In the first few years of cloud computing, cost savings was the driving reason for adopting cloud. Nowadays, however, businesses are faced with spiraling cloud costs. There’s even a word for the emerging process to deal with it: “FinOps.”
Organizations continue to waste significant cloud spend, according to Flexera’s recently released 2022 State of the Cloud Report, based on survey responses from 753 global cloud decision-makers and users. Sixty-six percent of executives said cloud usage is “higher than initially planned this year,” They estimated that their organizations waste 32% of cloud spend, up from 30% in last year’s survey.
In addition, “spend is likely less efficient and likely even higher on average, as many organizations tend to underestimate their amount of waste,” the survey’s authors report. In addition, respondents reported their public cloud spend was over budget by an average of 13% for the previous year. They expect their cloud spend to further increase by 29% in the next twelve months.

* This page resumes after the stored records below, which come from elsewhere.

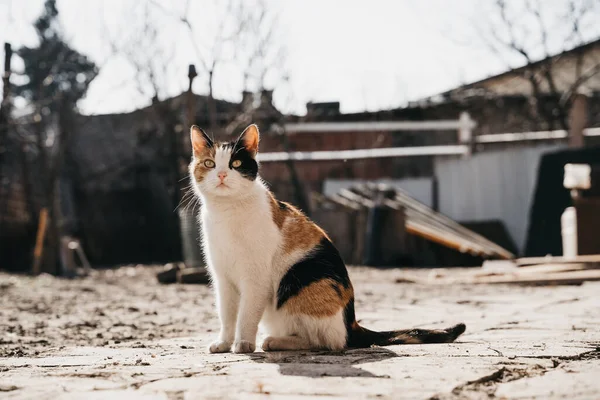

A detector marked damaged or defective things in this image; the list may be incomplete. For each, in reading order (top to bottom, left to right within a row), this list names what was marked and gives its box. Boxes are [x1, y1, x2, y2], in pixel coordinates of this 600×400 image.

cracked pavement [1, 264, 600, 398]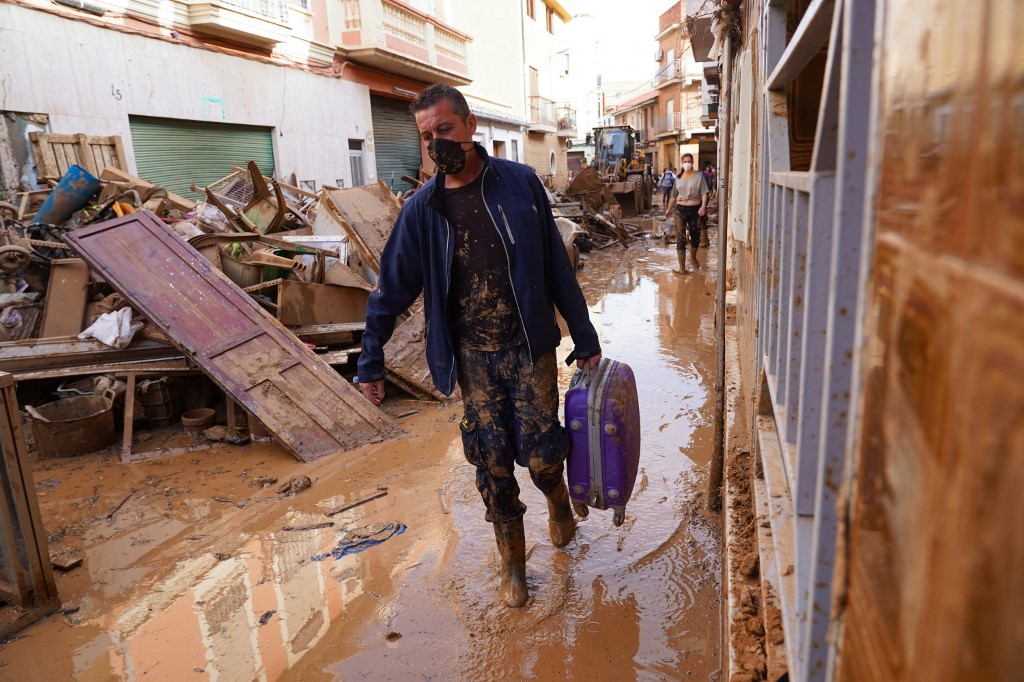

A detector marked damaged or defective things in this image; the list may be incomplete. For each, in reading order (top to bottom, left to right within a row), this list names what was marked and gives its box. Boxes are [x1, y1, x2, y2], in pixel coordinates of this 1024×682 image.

broken wooden furniture [65, 209, 399, 458]
broken wooden furniture [0, 368, 58, 634]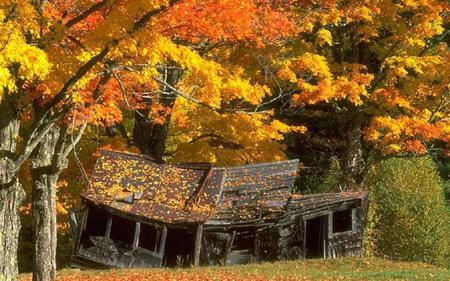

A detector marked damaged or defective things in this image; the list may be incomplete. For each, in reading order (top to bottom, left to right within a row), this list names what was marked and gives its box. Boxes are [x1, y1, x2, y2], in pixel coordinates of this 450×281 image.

rusty metal roof panel [81, 150, 224, 224]
broken window [110, 214, 136, 245]
broken window [140, 222, 159, 250]
broken window [332, 208, 354, 232]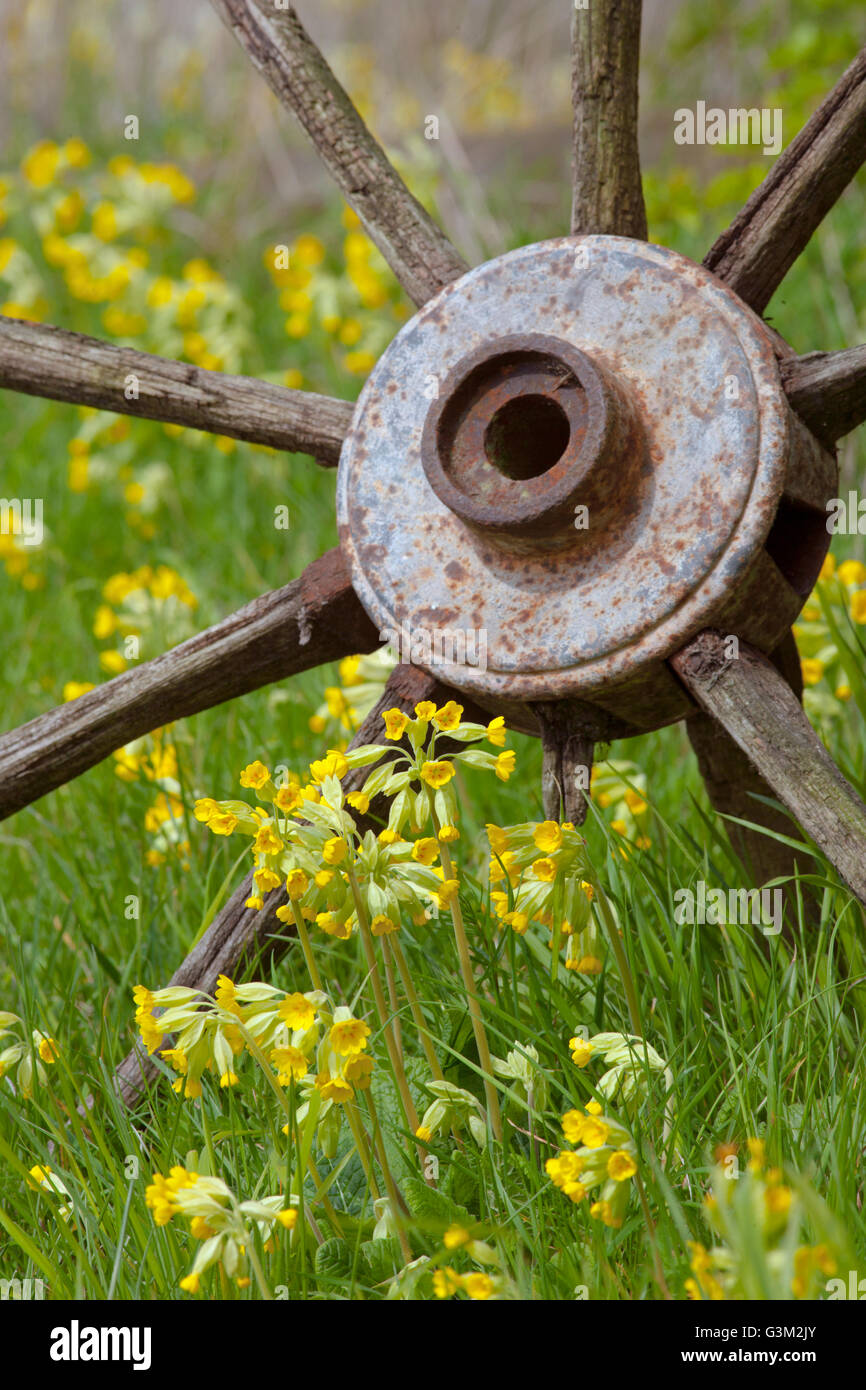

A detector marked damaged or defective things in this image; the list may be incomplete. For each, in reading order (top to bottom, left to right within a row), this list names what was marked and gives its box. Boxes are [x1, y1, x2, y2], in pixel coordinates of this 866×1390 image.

rusty metal hub [335, 236, 839, 739]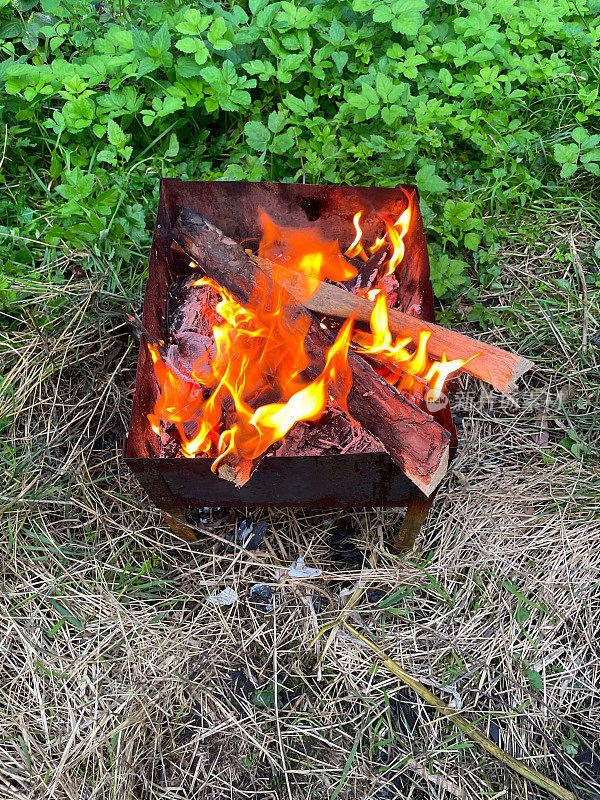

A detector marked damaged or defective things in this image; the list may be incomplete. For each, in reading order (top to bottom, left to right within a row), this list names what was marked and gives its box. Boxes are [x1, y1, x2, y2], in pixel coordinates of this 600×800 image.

burnt wood piece [171, 208, 448, 494]
burnt wood piece [248, 256, 536, 396]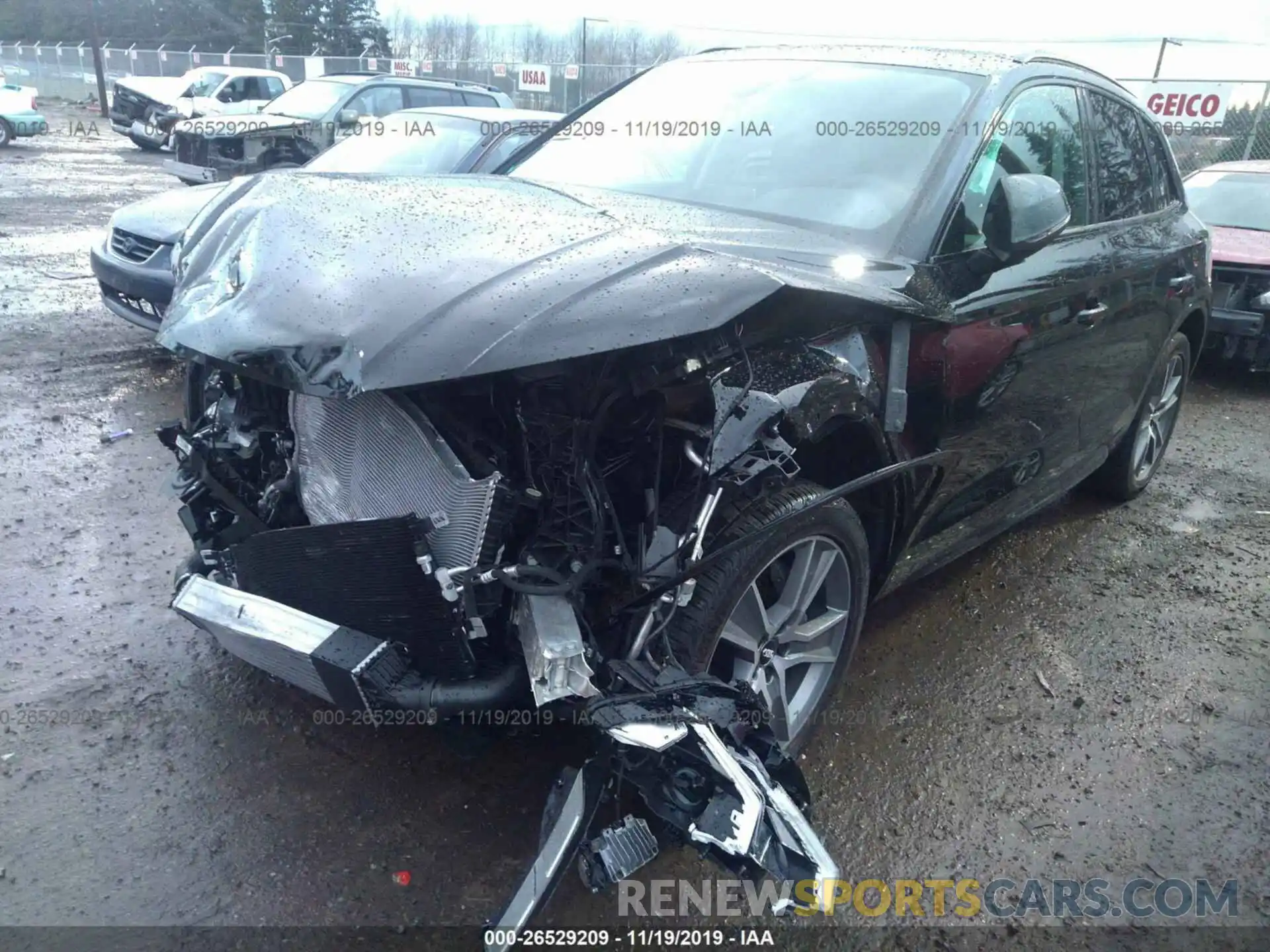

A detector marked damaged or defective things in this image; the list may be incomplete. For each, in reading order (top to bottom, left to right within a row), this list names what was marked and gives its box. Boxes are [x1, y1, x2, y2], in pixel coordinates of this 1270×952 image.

other damaged vehicle [0, 82, 46, 145]
crumpled hood [115, 76, 192, 105]
other damaged vehicle [108, 66, 291, 151]
crumpled hood [176, 112, 312, 138]
other damaged vehicle [166, 72, 513, 184]
crumpled hood [110, 180, 228, 243]
other damaged vehicle [92, 105, 558, 331]
crumpled hood [161, 172, 931, 394]
other damaged vehicle [1185, 160, 1265, 368]
crumpled hood [1212, 223, 1270, 267]
severely damaged audi q5 [153, 44, 1206, 936]
other damaged vehicle [151, 46, 1212, 936]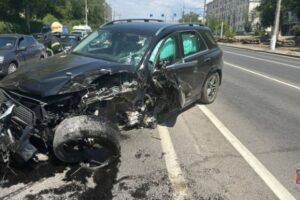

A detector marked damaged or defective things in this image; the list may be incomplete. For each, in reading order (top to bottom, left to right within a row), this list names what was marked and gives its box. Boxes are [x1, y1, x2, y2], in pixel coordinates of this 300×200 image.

shattered windshield [73, 29, 152, 67]
crumpled hood [0, 52, 136, 97]
severely damaged suv [0, 19, 223, 167]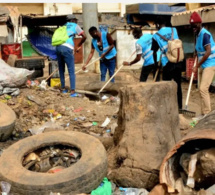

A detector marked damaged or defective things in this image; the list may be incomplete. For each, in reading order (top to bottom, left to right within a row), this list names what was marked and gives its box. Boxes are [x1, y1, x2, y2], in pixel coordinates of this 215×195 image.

broken concrete [108, 80, 181, 190]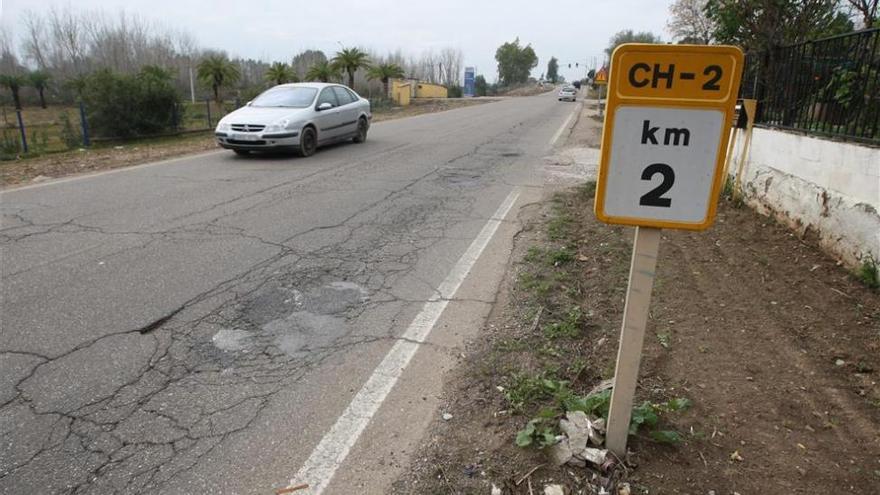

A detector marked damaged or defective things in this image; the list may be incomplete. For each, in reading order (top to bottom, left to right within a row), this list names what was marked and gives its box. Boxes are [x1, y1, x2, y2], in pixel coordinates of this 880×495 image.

cracked asphalt [1, 92, 576, 492]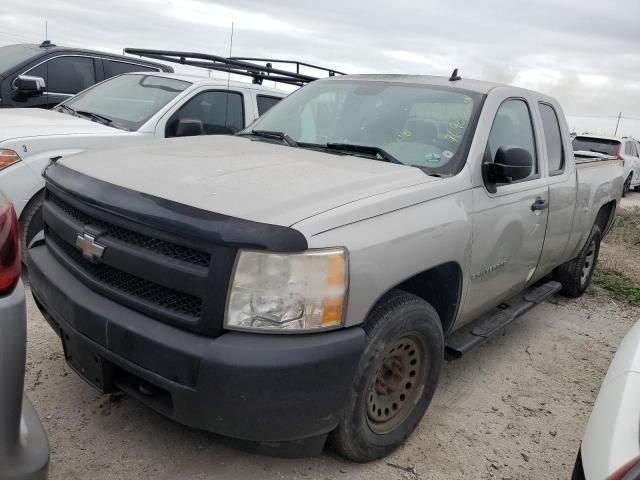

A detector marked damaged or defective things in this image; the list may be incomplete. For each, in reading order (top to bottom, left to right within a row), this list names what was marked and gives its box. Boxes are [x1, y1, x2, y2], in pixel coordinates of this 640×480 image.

rusty steel wheel rim [368, 334, 428, 436]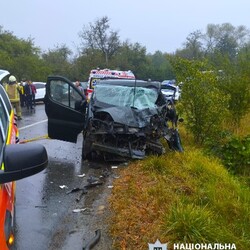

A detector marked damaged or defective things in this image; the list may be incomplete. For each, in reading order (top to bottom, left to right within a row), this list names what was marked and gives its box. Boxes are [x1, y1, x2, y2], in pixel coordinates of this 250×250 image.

severely damaged car [44, 76, 183, 161]
shattered windshield [94, 84, 158, 109]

Among small to medium businesses, 53% are now spending $1.2 million annually on cloud computing, up from 38 percent in 2021. While the survey’s authors do not provide a similar composite spending figure for larger enterprises, they report notes that many spend $12 million or more annually on selected public cloud services — 18% of enterprises spend this on AWS, 15% spend this on Microsoft Azure, and seven percent on Google Cloud Platform.
So there is a lot of money being poured into cloud services. It’s likely that a lot of the monthly subscription bills are going to a raft of unused or underused services for which no one is really able to account. Someone in some department signed on to a cloud instance to run some tests three years ago, abandoned it, and the company still keeps paying for its usage.
Enter FinOps. This practice is intended to help organizations get maximum business value from cloud “by helping engineering, finance, technology and business teams to collaborate on data-driven spending decisions,” according to the FinOps Foundation. (Yes, there’s now even an entire foundation devoted to the practice.) In many cases, they are practicing the art of FinOps without even calling it that. Respondents are actively involved in the ongoing usage and cost management for both SaaS (69%) and public cloud IaaS and PaaS (66%). “More and more users are swimming in the FinOps side of the pool, even if they may not know it — or call it FinOps yet,” the Flexera survey’s authors state.
In addition, for the sixth year in a row, “optimizing the existing use of cloud is the top initiative for all respondents, underscoring the need for FinOps teams or similar ways to improve cost savings initiatives,” they also note.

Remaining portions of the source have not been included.